Sotto l'incantesimo di Firenze
Su mano suave en la penumbra, los
anillos refulgiendo en la poca luz que penetra por las grietas de los adobes y
las rendijas de las antiguas maderas, el íntimo ámbito amarillo que define la
luz de la mañana a través de la difusa cortina. La mano mujer que manipula,
masajea, masturba, menea, aprieta y excita, tierna e inquietante, el miembro
erecto que se deja manipular, masajear, masturbar, menear, apretar y excitar, duro
y erguido. El ritual masturbatorio se va dando en una tímida calma que busca el
relajo gozador, la quieta circunstancia sexual, mínima, suficiente para
deshacer los nudos del celibato obligado.
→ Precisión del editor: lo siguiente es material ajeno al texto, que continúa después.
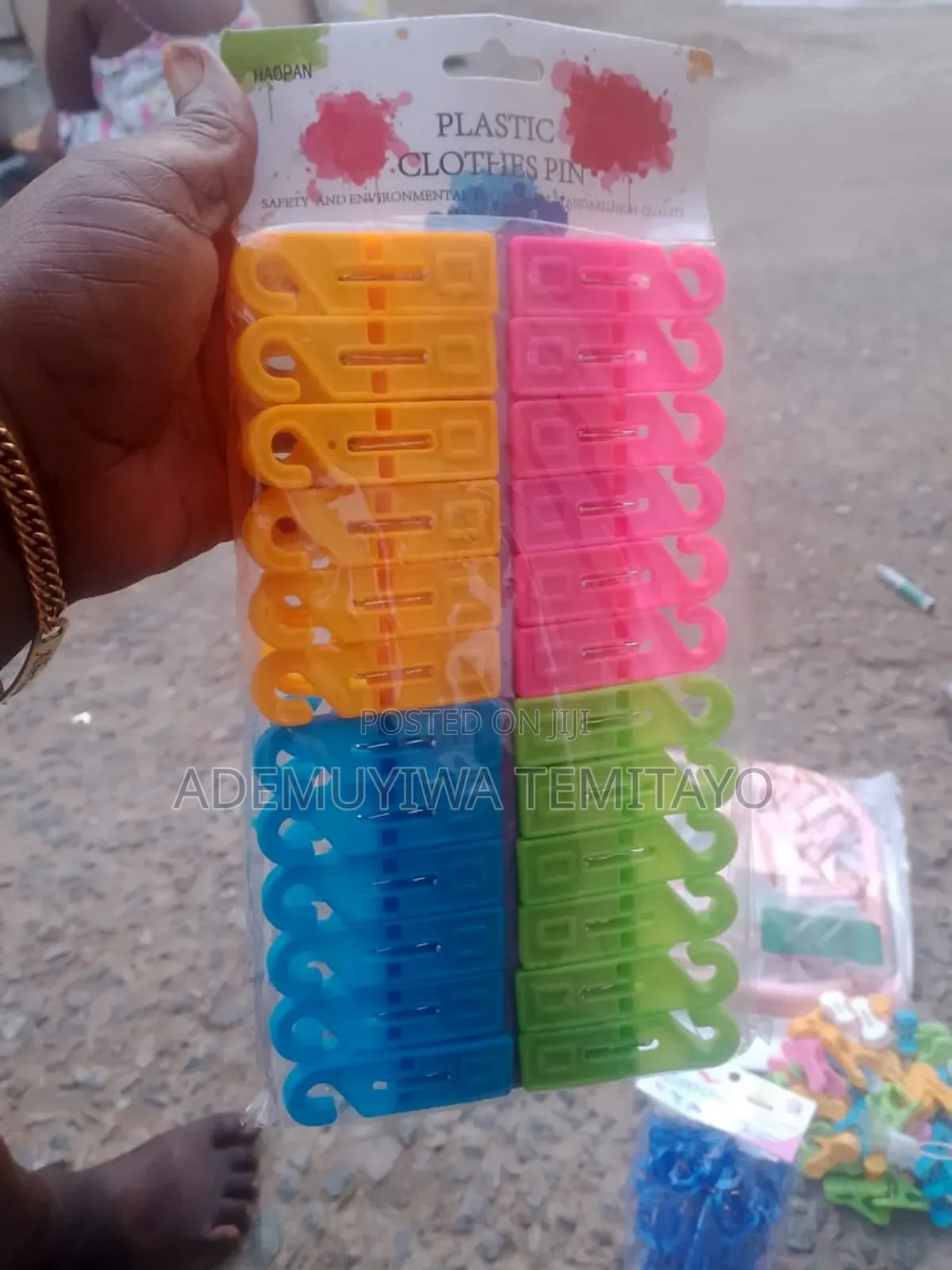 Mops, Pegs,Soaps, and Other Cleaning Agents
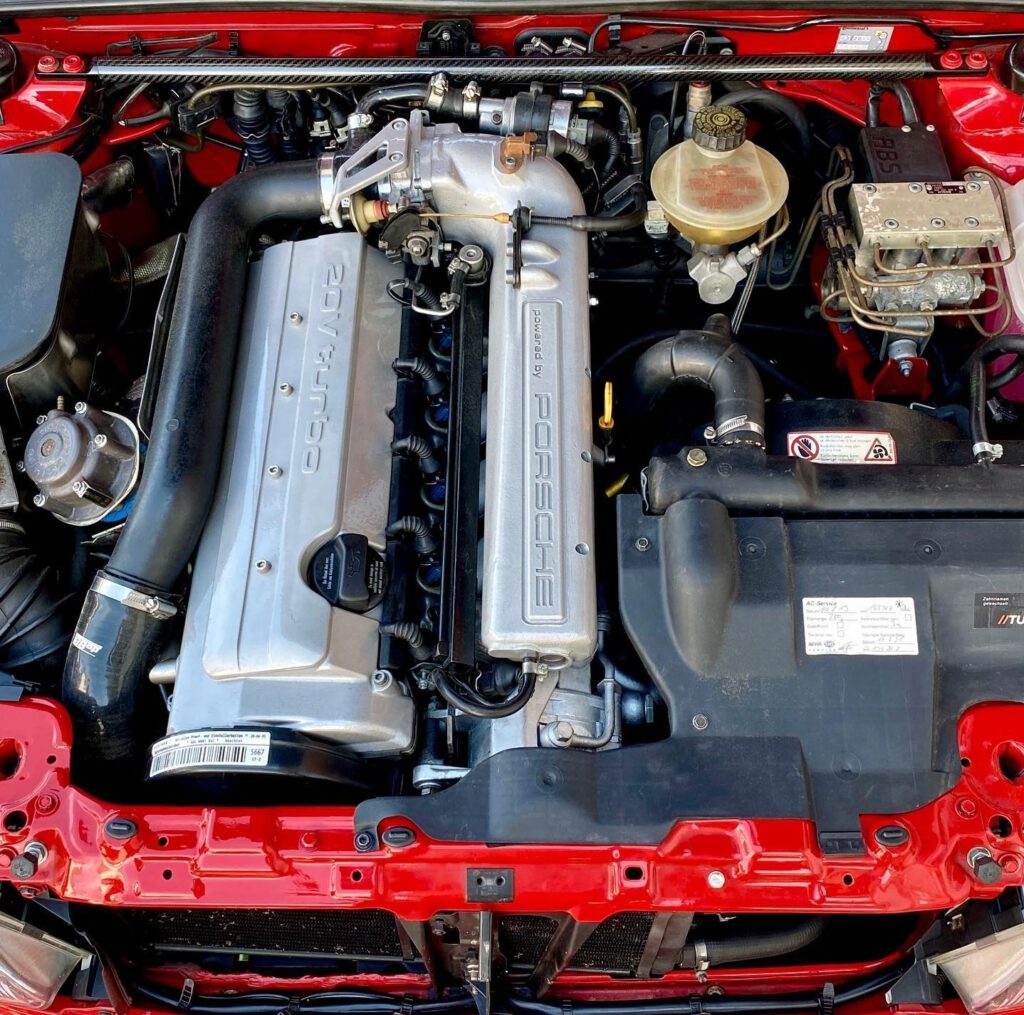 5 Zylinder 20v Turbo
Ella hierática e inconmovible, con la
serenidad que dan los años de vivir bajo acechos y seducciones fluye tranquila
disfrutando esa extraña circunstancia distinta a todas las vividas, se deja
desear así de lejos, como si fuera transparente o ausente. Un oleaje lento y
denso mece el suceder y lo lleva por inesperados derroteros, mi mano vuela por
las tibias sombras sobre uno de sus senos, lo atrapa, lo palpa, lo aprieta con
deseo reprimido, es mullido, maduro, de una blandura incitante, no hay escote
ni sostén, amaso sibarita ese pecho mórbido, fláccido, pero real en el juego del
fuego de la lujuria, la palma de mi mano siente la punzada provocante de su
apacible pezón escondido bajo tela azul oscura, siente con deliciosa nitidez esa
breve protuberancia carnal como el centro eje de mis deseos, luego los dedos van
tocando en detalle lento el pezón, lo rozan, lo tocan, lo reconocen en su
párvula revelación, apretándolo suavemente en su turgencia erótica, pellizcando
juguetones su pequeña consistencia edípica, gozando la sensación hasta la
última gota de placer, porque mi otra mano en tanto sigue engolosinada en mi
verga masturbándola mientras mi ojos están clavados en el botón que sobresale
inhiesto sobre la suave comba del pecho oculto bajo la tela azul oscura, y
donde mis dedos siguen enviciados camino a la eyaculación.